The state of existence through consciousness, i.e. the Ideal State, should be considered as the first realisation of Meaning in a full sense (with a capital M). This Meaning that comes from perceiving and knowing, must be measured qualitatively against the blind, intuitive cosmic purposiveness beginning with the primordial spark of intuition which first produced dimensionality, then matter and forms in that dimensionality, out of the meaningless void that preceded it.
At the physical level of reality the difference between the Ideal State and the matter and forms of reality created through trial and error are (almost) irrelevant – once meaning is intuited by the universe it becomes an essential part of it. However, from a qualitative standpoint the difference is existentially immense and deeply profound.
Because of this qualitative difference that we, as the knowing, conscious, and (potentially) rational components of the universe, all possess in ourselves, our being here is impressed with a cosmological importance and moral responsibility at an existential level of everything that points to another kind of humanity, vastly different from the kind of individuals being produced by civilisation as we understand it today. In other words, we are just not who we should be.

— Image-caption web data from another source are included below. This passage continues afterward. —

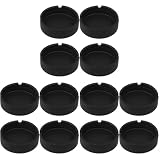 Accessorio posacenere: questo posacenere in silicone ha dimensioni compatte, senza occupare troppo spazio, una decorazione per posacenere.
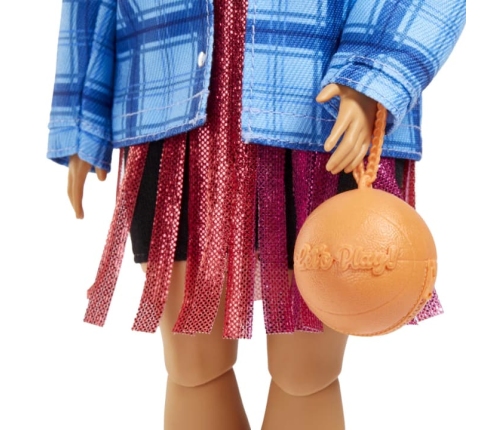 Barbie Extra Doll-Basketball Jersey lelle HDJ46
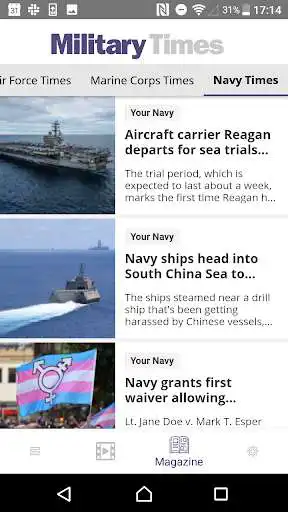 Play Military Times  and enjoy Military Times with UptoPlay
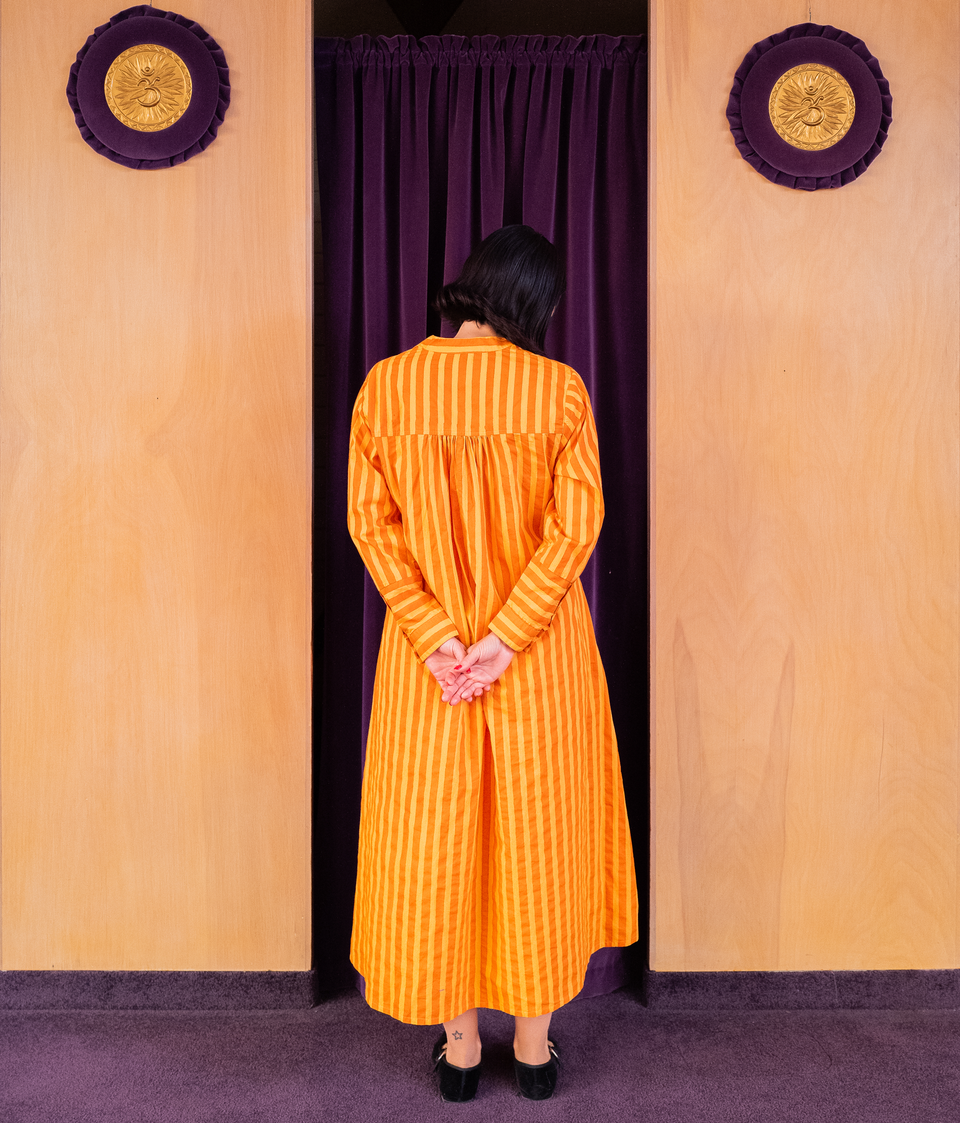 Alice Dress | Persimmon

This is not because the truth concerning our reason for being here is so hard to understand or find, but because it is so difficult to accept, for all the responsibilities such an acceptance contains.
The first moral lesson to be taken from this is that:
The world (universe) does not exist for me/us, I/we exist for the world (universe).
I live in a surrounding world that I exist for, as through my existence the world attains a part of its Being (where Being = being perceived and cognised).
The world exists for me, but only because I exist for it. If I were not part of the world’s intuitively developed intention for existence I would never have existed myself. Around me are other subjective, cognitive beings that also exist for the world. In my synthetic activity with the other subjective beings that I am connected with the world becomes constituted in an originally perceived way that grants the world an original form of existence. Our experience and observations regarding our lives in the world around us is an enriching experience not only for us, as subjective agents, but also (more importantly) for the world itself as the object of our original perception.
The amalgamation of all these original syntheses of perception belonging to humanity and other perceiving organisms (in past, present and future states) make up the grand synthesis which constitutes the existence of the universe. It is from this perception of reality that an authentic and spiritually honest morality for all humanity can be constructed.